I am trying to unroll this loop by a factor of 2.

You shouldn't be, because that won't help much. The compilers will do the unrolling and optimization for free, if you just let them. The loop you got doesn't benefit from unrolling, and the compilers are clever enough to determine that - so they don't do any unrolling either. The loop as written prevents the compilers from doing their job. Let's fix it.

First, we'd like something that actually compiles. It doesn't matter whether the elements are integers or floats or doubles - the compiler will do a very good job for all common types.

We'll be compiling it on godbolt using gcc x86-64 10.2 with -O3 option.

Let's begin:

typedef int element;

We must assume something. I'll make a reasonable assumption that the a, x, y and z arrays don't overlap. This is very important - if that's not the case, it must be stated so in the question (!!). The restrict keyword codifies this fact:

void test1(elt *restrict a, elt *restrict x, elt *restrict y, elt *restrict z) {
    for (int i=0; i<100; i++) {
        x[i] = y[i] + z[i];
        z[i] = y[i] + a[i];
        z[i+1] = y[i] * a[i];
    }
}

If you feed this function one or more arrays that overlap, you'll get undefined behavior and most likely incorrect results. But the optimization has to go on some assumptions - even your originally planned manual unrolling would be generally impossible otherwise.

If we just change compiler options from -O3 to -O3 -funroll-loops, we'll get this code nicely unrolled, by a factor of more than 2. We force the compiler's hand, and it obliges, whether it makes sense or not. So you got what you wanted, case closed, let's go home? Ah, no, that would be no fun at all - that's selling ourselves very short :)

Without forcing its hand, the compiler "only" generates code that steps this loop by i+=1.

Now observe that z[i+1] is not actually needed. All but the very last value of it is overwritten.

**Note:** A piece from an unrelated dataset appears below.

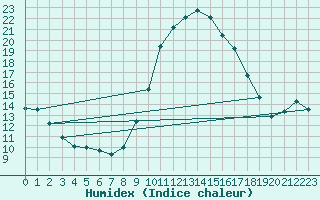 Courbe de l'humidex pour Biscarrosse (40)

All it does is feeding output of previous iteration to the input of the next.

We can rewrite the function without that fowarding store:

void test2(elt *restrict a, elt *restrict x, elt *restrict y, elt *restrict z) {
    elt fwd = z[0];
    for (int i=0; i<100; i++){
        x[i] = y[i] + fwd;
        z[i] = y[i] + a[i];
        fwd = y[i] * a[i];
    }
    z[100] = fwd;
}

The compiler already generates one less store per iteration, but still iterates only by i+=1.

The forwarding operation is bad news for optimizers. Some high-end CPUs have clever enough data dependency tracking and long enough pipelines to work around it to an extent - but we're not talking typical consumer systems here (not yet, anyway).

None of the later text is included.